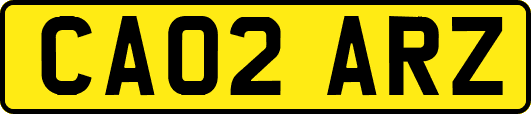 CA02ARZ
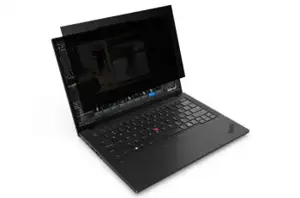 LENOVO PRIVACY FILTER 14.5" FOR LENOVO P14S INTEL GEN5
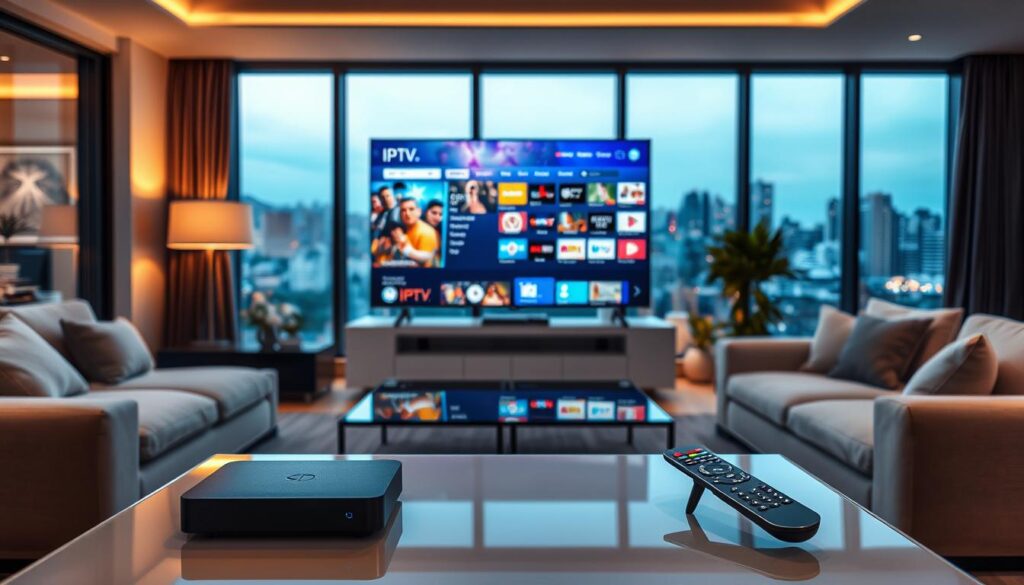 IPTV lifetime low price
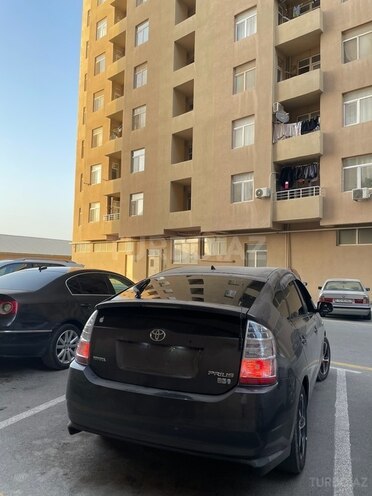 Toyota Prius 2008, 495,758 km - 1.5 l - Bakı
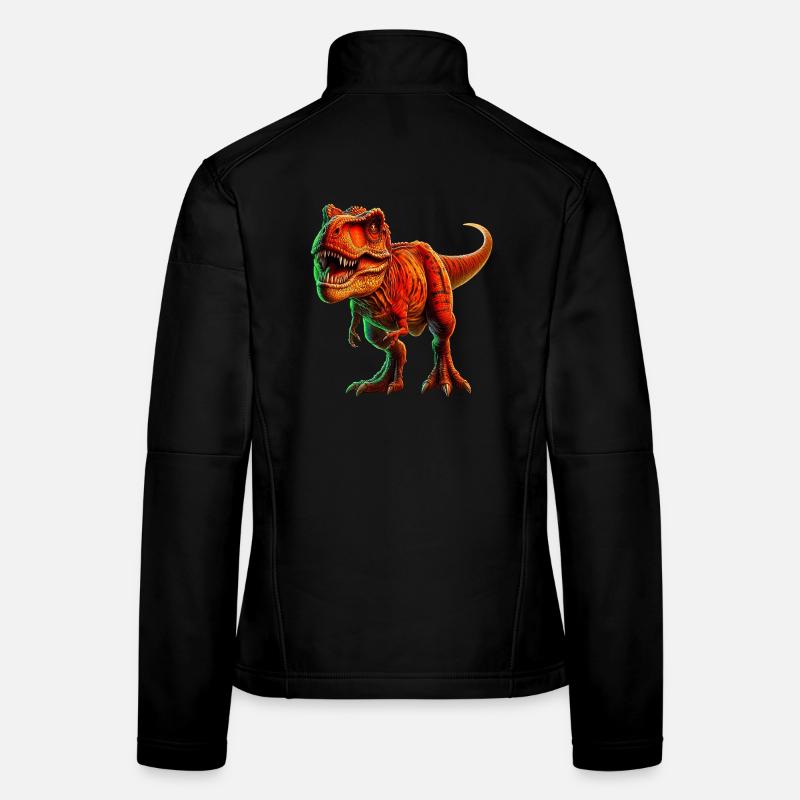 Frauen Softshelljacke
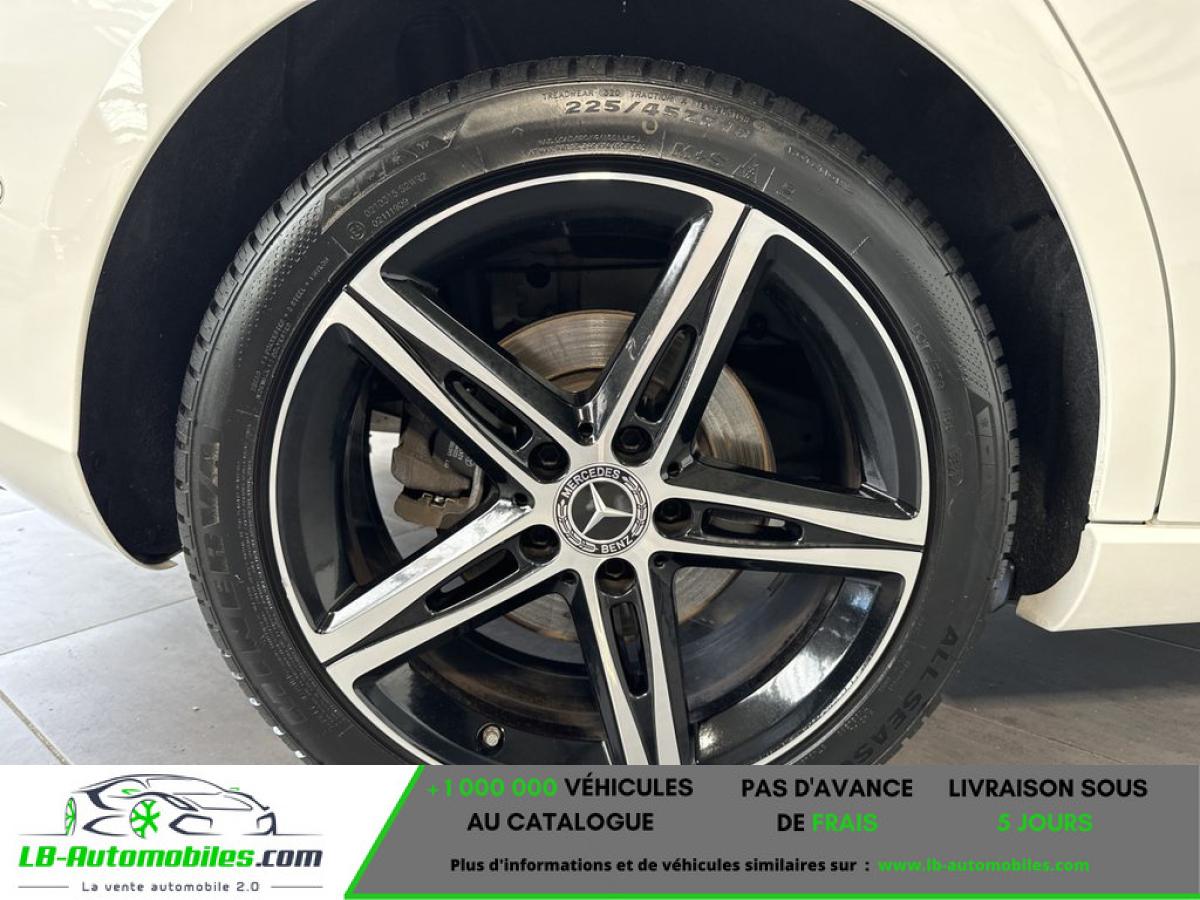 Mercedes Classe A  250 BVA - Photo 5 / 6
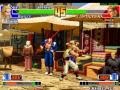 Marujo Plays Kof 98 Random Team Gameplay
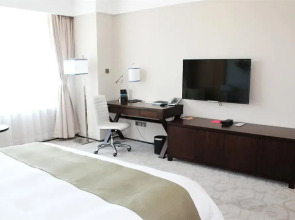 Отель Hotels & Preference Hualing Tbilisi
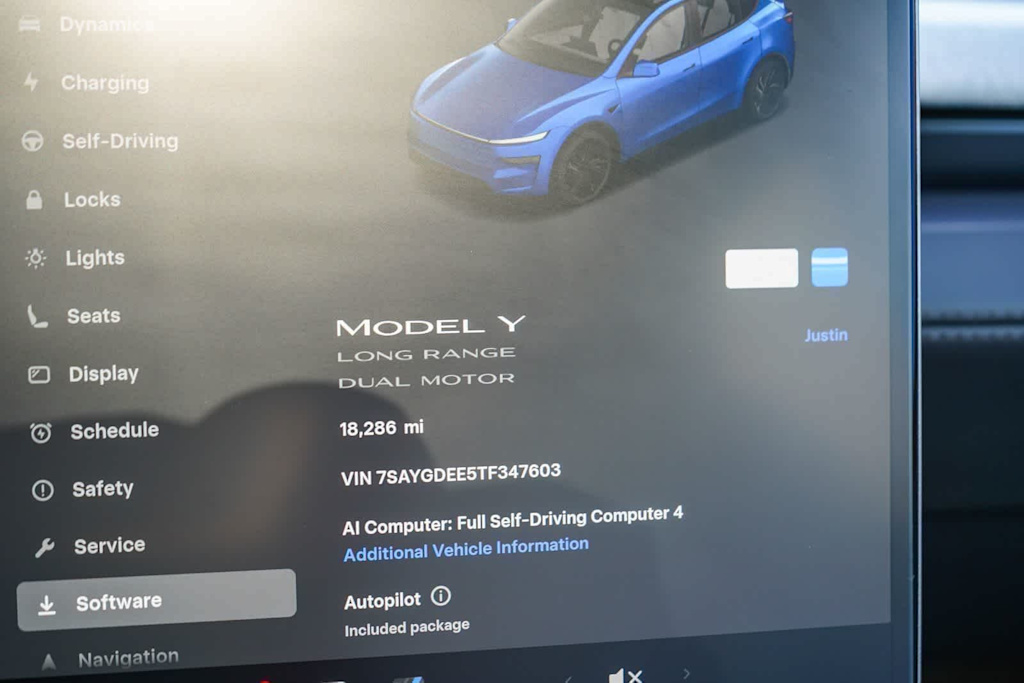 Thumbnail: 2026 Tesla Model Y - 12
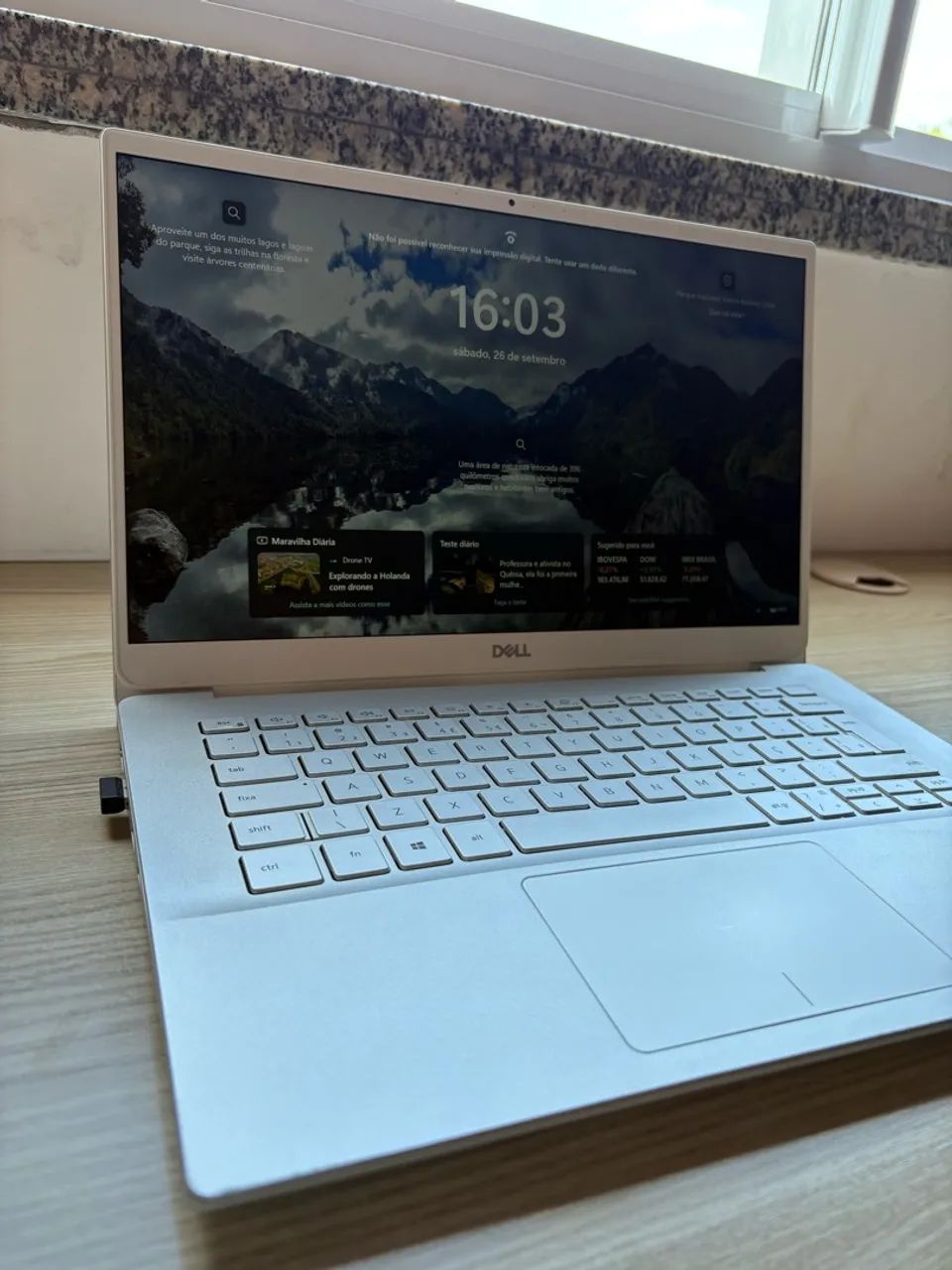 Notebook Dell Inspiron 145000 - Foto 2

************

■ EXERCISE PROMPT:
Begin at the line containing "Отель Hotels & Preference Hualing Tbilisi" and extract every line through the end of the records, inclusive, exactly and only; omit pictures.

■ FINAL ANSWER:
 Отель Hotels & Preference Hualing Tbilisi
 Thumbnail: 2026 Tesla Model Y - 12
 Notebook Dell Inspiron 145000 - Foto 2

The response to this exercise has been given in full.